Current goal is to elaborate dynamic and individualized treatment; that is; to define the sequence and timing of each treatment option (single to multiple safe maximal surgical resections within cortical-to-sub-cortical functional borders, single to multiple chemotherapy and radiotherapy sessions) depending on tumor progression (measured on regular follow up MRI), clinical and neurocognitive status and individual’s functional anatomy of the brain (studied via brain mapping and susceptible to reorganization through the phenomena of neuroplasticity) to prevent malignant transformation as long as possible while preserving the quality of life.

Only a multidisciplinary approach to multi-center networks can afford to give a real future to patients with this chronic brain disease, with the possibility to design long-term projects be them socio-professional or at the household level.
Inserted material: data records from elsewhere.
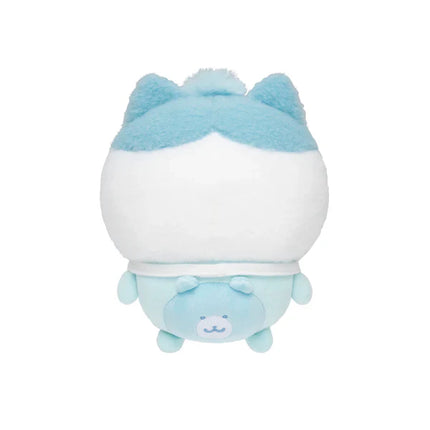 Light blue baby swaddle plush with back view and small blue face on bottom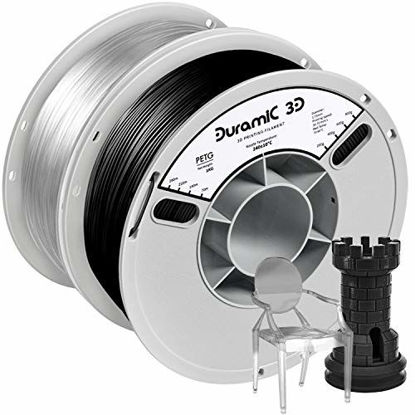 Picture of DURAMIC 3D PETG Filament 1.75mm 2 Pack Black Transparent, 3D Printing Filament 1kg Spool 2 Pack, Non-Tangling Non-Clogging Non-Stringing Dimensional Accuracy +/- 0.05 mm(Black, Transparent, 2 Pack)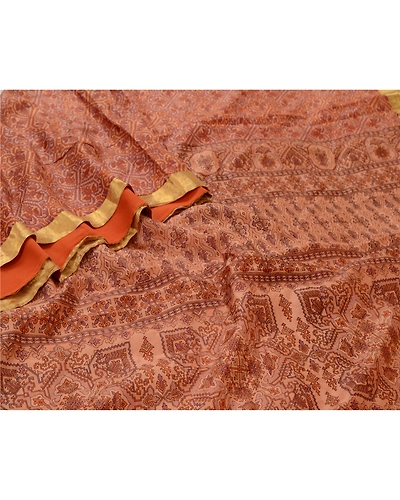 Sanskriti Vintage Sarees Brown Zari Border Pure Silk Printed Sari Craft Fabric, PR-64641-Brown-Pure Silk-5
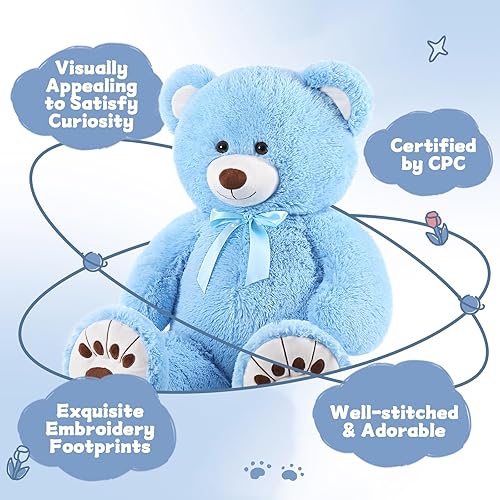 Miniatura 2 de MorisMos Oso de peluche gigante de 36 pulgadas, oso de peluche azul grande, oso de peluche grande para baby shower, oso de peluche de tamaño real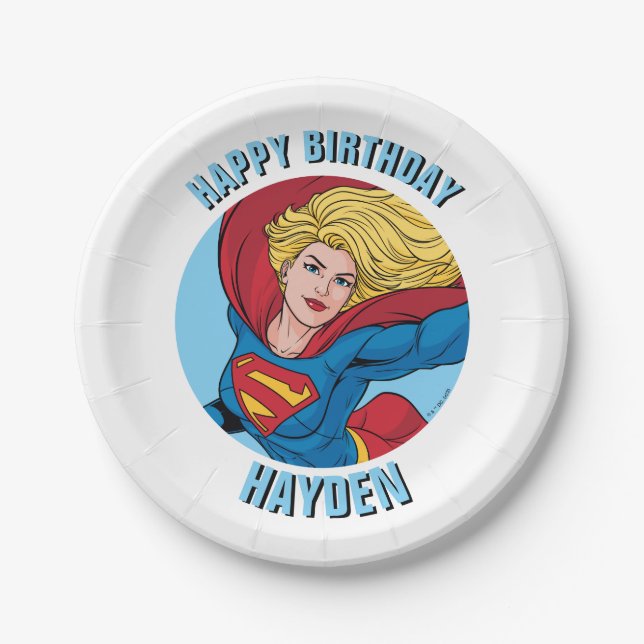 Assiettes En Carton Adorable Stance Supergirl (Devant)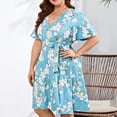 thumbnail image 4 of Usmixi Summer Dresses for Women Tie Waist Pleated Swing Plus Size A Line Short Dresses Short Sleeve V-Neck Floral Print Mini 2023 Casual Dress Light Blue xxxl Clearance Under $5, 4 of 7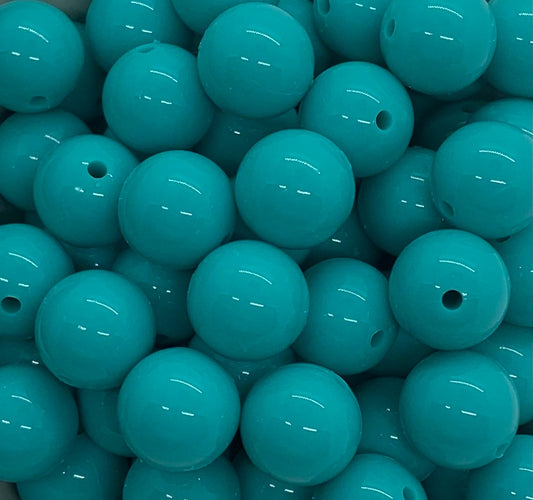 15mm Liquid Turquoise Round Silicone Beads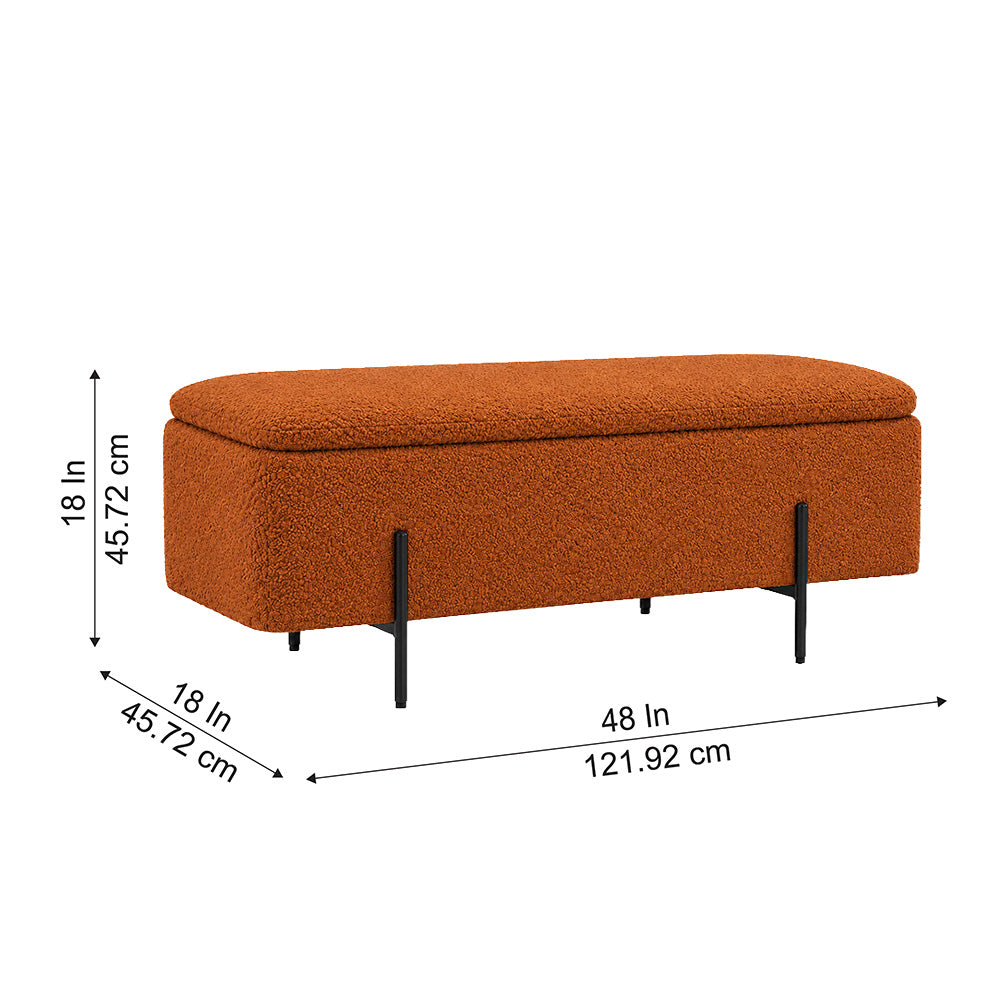 Rust Boucle Storage Bench with Black Metal Legs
The next step would be that of early screening in order to provide preventive treatment.

Key Words (MeSH): Low-grade gliomas, Surgery, Chemotherapy, Radiotherapy, Quality of life, Molecular biology

I – DEFINITION

Low-grade gliomas are primary central nervous system tumors arising from glial cells and comprise of World Health Organization (WHO) grade I and II gliomas (44).

The former include pilocytic astrocytomas, gangliogliomas, subependymal giant cell astrocytomas, dysembryoplastic neuroepithelial tumors, and most recent group considered as mixed neuroglial tumors (44).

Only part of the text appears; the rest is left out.